Beethoven Piano Sonata No. 12, Op. 26 (full)

Mozart Piano Concerto No. 20, K. 466 (full)
[Brahms's cadenza for Movement 1, Beethoven's for Movement 3]

Any Bach fugue (I haven't studied Bach enough but I really should because he's one of the giants in my eyes.)

Any advice for these pieces? Thanks.


----------



## Larkenfield

I would post something you’ve already accomplished by the above methods as a starting point before anyone tries to issue advice. If you’re playing essentially by ear, do you have any favorite interpreters of those works that you’re learning from?


----------



## DreamBigKeys

For Beethoven I normally listen to either Daniel Barenboim or Jeno Jando. Jeno Jando’s fantastic with Liszt but from what my teacher told me, he messed up with the Beethoven Op. 26 interpretation. 

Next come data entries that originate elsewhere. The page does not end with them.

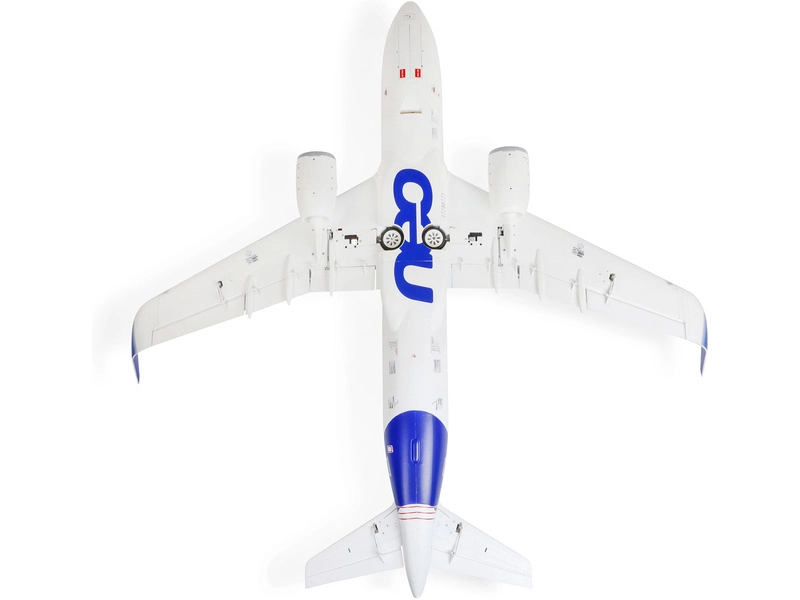 RC letadlo E-flite Airbus A320neo EDF 1.5m PNP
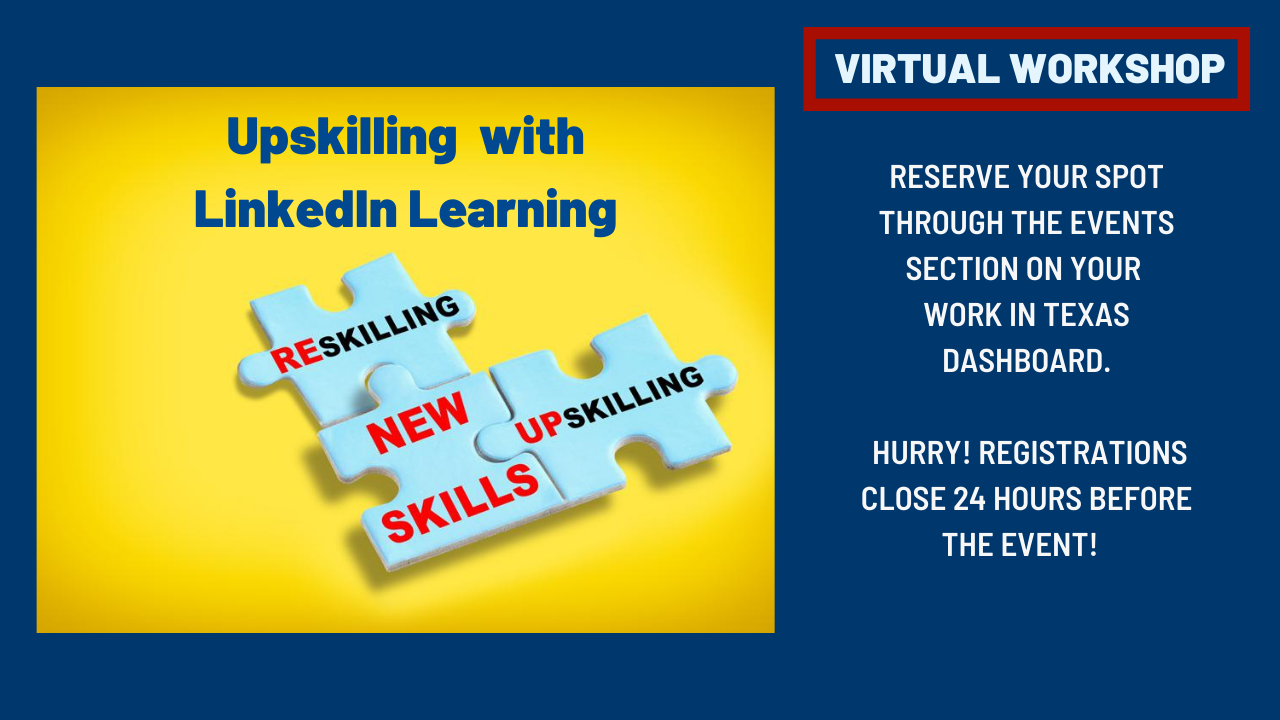 Upskilling with LinkedIn Learning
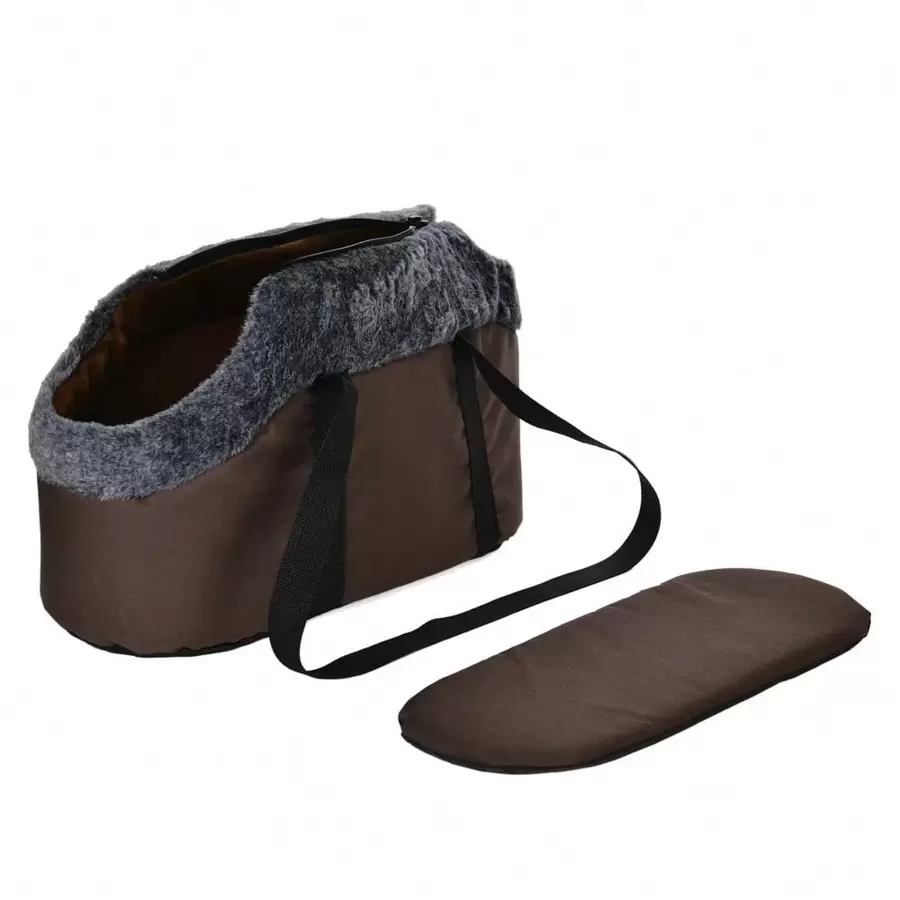 Classic Pet Dog Carrier Bag Outdoor Hiking Windproof Puppy Striped Backpack For Small Medium Dogs Cats Teddy Chihuahua Supplies - 03 - View 1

For Mozart, I’ve only ever listened to Rudolf Serkin’s interpretation of Piano Concerto No. 20, but per usual he plays Beethoven’s cadenza in the first movement. (Brahms’s cadenza is much harder to find on the net, I think only Idil Biret and Michael Rische has played Brahms’s cadenza.)

As for Bach, I’ve only listened to an excerpt of my teacher play Bach’s Fugue in G minor. So I need to figure Bach out eventually


----------